The role of the renin-angiotensin-aldosterone system in the regulation of blood pressure during normal and hypertensive pregnancy has not been clearly defined. In normal pregnancy, estrogen's effect on the liver markedly increases production of renin substrate. This increases plasma renin activity, plasma renin concentration, and angiotensin II levels. Plasma aldosterone levels rise even higher than can be accounted for by the prevailing plasma renin activity. Despite the high plasma concentration of aldosterone, there is no blood pressure increase or hypokalemia in normal pregnancy; indeed, blood pressure falls in the midtrimester. This may be due to counterregulatory factors such as the natriuretic effect of progesterone or activation of vasodepressor systems such as kinins or prostaglandins.

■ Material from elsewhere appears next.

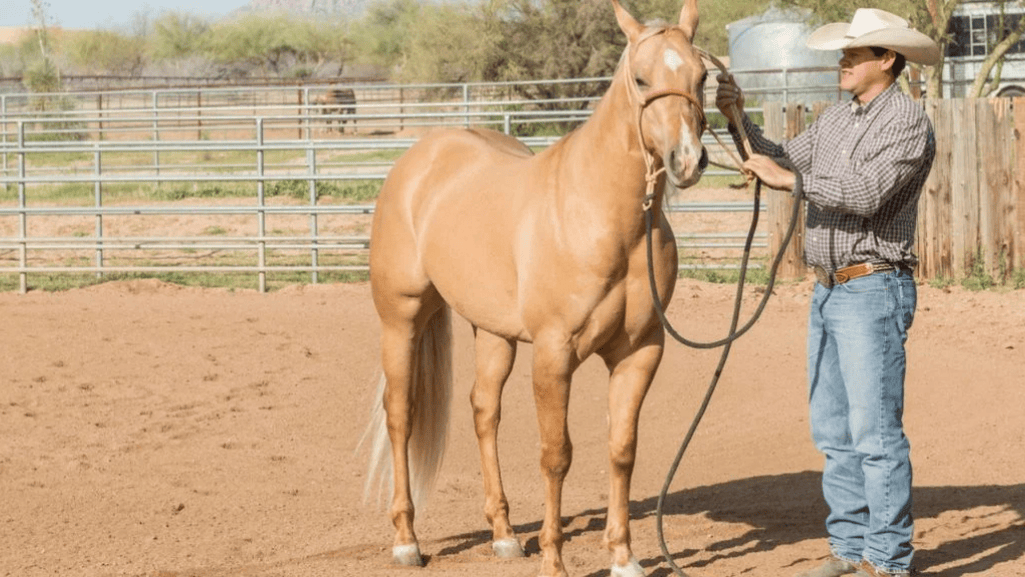 How Much Does an Adult Horse Weigh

Interpreting renin, angiotensin, and aldosterone levels in studies of preeclampsia is difficult because of differences in the definition of preeclampsia (parity, degree of proteinuria, early- or late-onset disease), differences in taking of blood samples (values may be affected by bed rest, sodium intake, labor, etc), and differences in assay techniques. In the majority of studies, renin, angiotensin, and aldosterone are all suppressed in preeclampsia, but they are still above nonpregnant levels. The available evidence suggests that the renin-angiotensin system is only secondarily involved in preeclampsia.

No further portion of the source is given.